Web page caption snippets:
^^^^^^^^

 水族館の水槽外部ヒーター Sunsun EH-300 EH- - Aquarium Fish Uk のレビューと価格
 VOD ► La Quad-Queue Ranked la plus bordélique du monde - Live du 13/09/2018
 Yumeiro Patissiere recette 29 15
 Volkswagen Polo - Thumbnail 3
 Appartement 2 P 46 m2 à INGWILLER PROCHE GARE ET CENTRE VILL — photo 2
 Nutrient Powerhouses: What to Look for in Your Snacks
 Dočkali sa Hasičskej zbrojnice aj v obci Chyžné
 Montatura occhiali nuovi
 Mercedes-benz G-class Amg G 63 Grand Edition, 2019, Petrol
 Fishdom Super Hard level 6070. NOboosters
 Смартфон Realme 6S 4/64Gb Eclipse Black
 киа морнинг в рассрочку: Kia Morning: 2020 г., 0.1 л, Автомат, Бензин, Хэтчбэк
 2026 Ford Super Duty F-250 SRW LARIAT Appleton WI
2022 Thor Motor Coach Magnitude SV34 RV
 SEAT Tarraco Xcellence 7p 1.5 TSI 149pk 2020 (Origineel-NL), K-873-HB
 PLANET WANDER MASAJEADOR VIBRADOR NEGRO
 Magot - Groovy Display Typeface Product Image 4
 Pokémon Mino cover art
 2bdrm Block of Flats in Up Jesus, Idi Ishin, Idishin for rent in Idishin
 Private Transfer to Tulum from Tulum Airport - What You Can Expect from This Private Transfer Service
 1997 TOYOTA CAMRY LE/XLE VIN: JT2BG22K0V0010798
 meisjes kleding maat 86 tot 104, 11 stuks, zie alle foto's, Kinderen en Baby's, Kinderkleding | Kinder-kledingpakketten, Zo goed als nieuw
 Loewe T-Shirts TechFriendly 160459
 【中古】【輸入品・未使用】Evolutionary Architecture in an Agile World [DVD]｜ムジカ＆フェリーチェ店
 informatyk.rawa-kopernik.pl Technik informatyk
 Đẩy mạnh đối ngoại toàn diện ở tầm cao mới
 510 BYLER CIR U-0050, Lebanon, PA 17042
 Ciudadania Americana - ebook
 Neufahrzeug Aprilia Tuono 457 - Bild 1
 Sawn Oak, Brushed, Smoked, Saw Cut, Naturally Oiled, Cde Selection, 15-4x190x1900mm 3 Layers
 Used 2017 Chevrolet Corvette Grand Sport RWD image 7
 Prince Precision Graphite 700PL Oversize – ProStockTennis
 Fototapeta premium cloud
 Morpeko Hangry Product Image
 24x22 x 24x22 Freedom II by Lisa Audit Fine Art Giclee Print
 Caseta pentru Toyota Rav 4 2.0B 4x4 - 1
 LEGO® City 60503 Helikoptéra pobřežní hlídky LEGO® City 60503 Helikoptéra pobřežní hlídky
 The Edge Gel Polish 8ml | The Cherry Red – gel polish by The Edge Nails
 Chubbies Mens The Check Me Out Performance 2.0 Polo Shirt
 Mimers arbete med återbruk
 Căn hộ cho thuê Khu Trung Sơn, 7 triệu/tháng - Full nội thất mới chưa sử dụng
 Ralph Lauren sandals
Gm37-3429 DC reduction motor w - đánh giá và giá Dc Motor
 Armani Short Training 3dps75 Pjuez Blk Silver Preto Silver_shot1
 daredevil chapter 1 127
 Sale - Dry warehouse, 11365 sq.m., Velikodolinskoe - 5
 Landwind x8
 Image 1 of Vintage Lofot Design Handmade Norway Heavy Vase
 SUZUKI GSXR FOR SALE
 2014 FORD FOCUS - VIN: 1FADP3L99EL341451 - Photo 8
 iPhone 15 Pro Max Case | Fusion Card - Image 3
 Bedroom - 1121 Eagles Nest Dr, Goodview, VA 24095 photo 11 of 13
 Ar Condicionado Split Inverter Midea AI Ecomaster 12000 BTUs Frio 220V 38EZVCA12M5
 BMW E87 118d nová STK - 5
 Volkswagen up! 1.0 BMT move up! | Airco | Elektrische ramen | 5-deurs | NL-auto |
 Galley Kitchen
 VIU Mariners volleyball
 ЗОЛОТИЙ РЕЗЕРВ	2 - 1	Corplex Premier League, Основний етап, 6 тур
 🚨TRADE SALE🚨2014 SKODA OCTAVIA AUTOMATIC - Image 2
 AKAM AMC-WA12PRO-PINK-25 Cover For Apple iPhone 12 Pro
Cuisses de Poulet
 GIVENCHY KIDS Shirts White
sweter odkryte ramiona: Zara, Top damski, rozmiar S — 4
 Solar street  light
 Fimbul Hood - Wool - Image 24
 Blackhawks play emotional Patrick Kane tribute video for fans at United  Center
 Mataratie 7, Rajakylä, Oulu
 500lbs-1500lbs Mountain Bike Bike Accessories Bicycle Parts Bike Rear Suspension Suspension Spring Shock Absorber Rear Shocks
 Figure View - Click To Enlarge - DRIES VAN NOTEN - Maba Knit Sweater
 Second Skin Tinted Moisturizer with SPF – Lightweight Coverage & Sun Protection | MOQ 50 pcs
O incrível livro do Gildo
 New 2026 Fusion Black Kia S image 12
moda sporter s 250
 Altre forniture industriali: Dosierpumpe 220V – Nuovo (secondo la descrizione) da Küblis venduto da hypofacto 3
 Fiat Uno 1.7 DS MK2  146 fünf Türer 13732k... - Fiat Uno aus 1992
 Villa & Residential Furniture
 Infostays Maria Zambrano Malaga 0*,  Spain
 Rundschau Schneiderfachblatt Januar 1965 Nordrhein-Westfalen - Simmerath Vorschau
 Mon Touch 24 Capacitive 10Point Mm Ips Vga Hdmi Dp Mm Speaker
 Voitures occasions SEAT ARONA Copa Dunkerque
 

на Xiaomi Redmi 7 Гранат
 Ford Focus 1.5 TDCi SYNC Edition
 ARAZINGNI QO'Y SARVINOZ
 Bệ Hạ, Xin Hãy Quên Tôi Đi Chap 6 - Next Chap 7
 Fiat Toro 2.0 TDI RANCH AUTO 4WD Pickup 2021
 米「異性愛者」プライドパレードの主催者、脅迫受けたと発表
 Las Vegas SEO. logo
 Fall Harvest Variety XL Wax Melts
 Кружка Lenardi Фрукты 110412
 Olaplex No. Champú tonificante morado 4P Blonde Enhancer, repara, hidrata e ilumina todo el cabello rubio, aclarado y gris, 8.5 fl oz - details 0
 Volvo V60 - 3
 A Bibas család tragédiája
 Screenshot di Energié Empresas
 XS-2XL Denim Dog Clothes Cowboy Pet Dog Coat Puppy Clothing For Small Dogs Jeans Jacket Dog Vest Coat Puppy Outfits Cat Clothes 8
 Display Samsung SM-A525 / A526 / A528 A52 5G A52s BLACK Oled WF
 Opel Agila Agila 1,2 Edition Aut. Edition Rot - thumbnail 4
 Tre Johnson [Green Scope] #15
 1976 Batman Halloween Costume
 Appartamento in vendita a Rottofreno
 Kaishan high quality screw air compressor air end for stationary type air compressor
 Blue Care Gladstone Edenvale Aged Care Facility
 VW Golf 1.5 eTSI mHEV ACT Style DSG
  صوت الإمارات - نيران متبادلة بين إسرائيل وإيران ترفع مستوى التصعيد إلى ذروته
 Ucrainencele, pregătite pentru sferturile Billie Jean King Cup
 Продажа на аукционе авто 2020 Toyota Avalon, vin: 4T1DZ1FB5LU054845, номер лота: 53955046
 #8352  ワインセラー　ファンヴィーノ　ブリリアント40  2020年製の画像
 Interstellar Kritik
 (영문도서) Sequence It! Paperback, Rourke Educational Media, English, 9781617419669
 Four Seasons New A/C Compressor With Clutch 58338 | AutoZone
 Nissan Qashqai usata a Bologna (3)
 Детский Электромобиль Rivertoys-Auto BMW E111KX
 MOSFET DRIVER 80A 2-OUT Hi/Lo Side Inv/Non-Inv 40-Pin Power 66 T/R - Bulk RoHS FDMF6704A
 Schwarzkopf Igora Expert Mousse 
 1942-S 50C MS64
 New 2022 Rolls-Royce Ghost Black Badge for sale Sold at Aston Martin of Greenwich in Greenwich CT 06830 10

^^^^^^^^

= Activity =
Within the data above, find the lines that contain the word "Product" and copy each of them.

= Task result =
 Magot - Groovy Display Typeface Product Image 4
 Morpeko Hangry Product Image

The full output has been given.